Moses settles into life in Midian, his new home. He marries Zipporah, becomes a shepherd, and lives as a Midianite. One day, however, he encounters an odd sight—a burning bush that does not burn up. Through this phenomenon, God gives Moses a message.

Game Plan


Now go, for I am sending you to Pharaoh. You must lead my people Israel out of Egypt.”

But Moses protested to God, “Who am I to appear before Pharaoh? Who am I to lead the people of Israel out of Egypt?”

God answered, “I will be with you. And this is your sign that I am the one who has sent you: When you have brought the people out of Egypt, you will worship God at this very mountain.”

But Moses protested, “If I go to the people of Israel and tell them, ‘The God of your ancestors has sent me to you,’ they will ask me, ‘What is his name?’ Then what should I tell them?”

God replied to Moses, “I Am Who I Am. Say this to the people of Israel: I Am has sent me to you.” God also said to Moses, “Say this to the people of Israel: Yahweh, the God of your ancestors—the God of Abraham, the God of Isaac, and the God of Jacob—has sent me to you. This is my eternal name, my name to remember for all generations.”
(Exodus 3:10-15)


Moses made excuses because he felt inadequate for the job God asked him to do. To feel that way would be natural. Moses was inadequate all by himself. But God wasn’t asking Moses to work alone. He offered other resources to help: God himself, Aaron, and the ability to do miracles.

God often calls us to tasks that seem too difficult, but he doesn’t ask us to do them alone. God offers us his resources, just as he did for Moses. We should not use our inadequacies as excuses, but look beyond ourselves to the great resources available. God has given us the chance to contribute to his work and his plans!

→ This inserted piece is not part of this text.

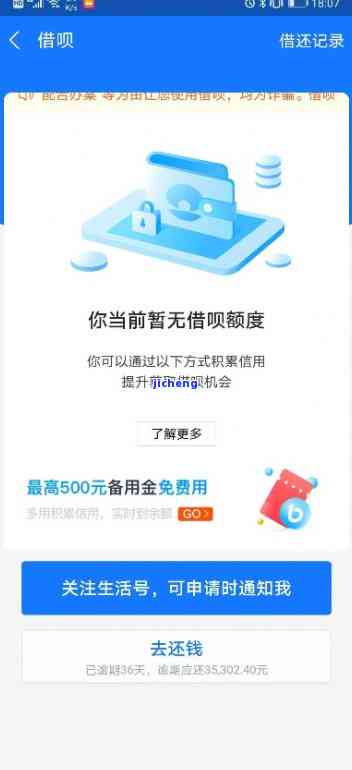 省呗逾期不还会怎样省呗逾期会给家人打电话吗，省呗逾期的后果：是否会联系家人？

The Egyptians had many gods by many different names. Moses wanted to know God’s name so the Hebrew people would know exactly who had sent him to them. God called himself I Am, a name describing his eternal power and unchangeable character.

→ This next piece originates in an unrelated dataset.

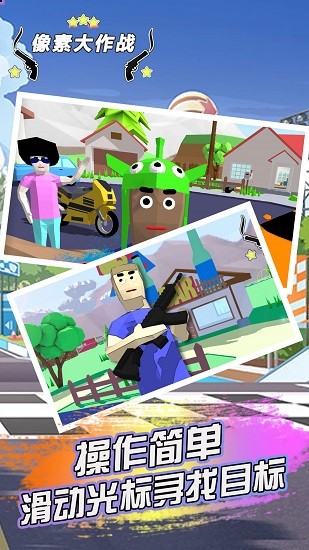 像素大作戰(zhàn) 像素大作戰(zhàn)下載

In a world where values, morals, and laws are always changing, we can find stability and security in our unchanging God. Hebrews 13:8 says God is the same “yesterday, today, and forever.” Because God’s nature is stable and trustworthy, we are free to follow and enjoy him rather than spend our time trying to figure him out. The God who appeared to Moses is the same God who lives in us today.


What excuses do you give God for not speaking out for him? How do you rationalize not being a more obvious follower of Christ? Ask God for courage to act boldly for him. And remember, I Am will be with you.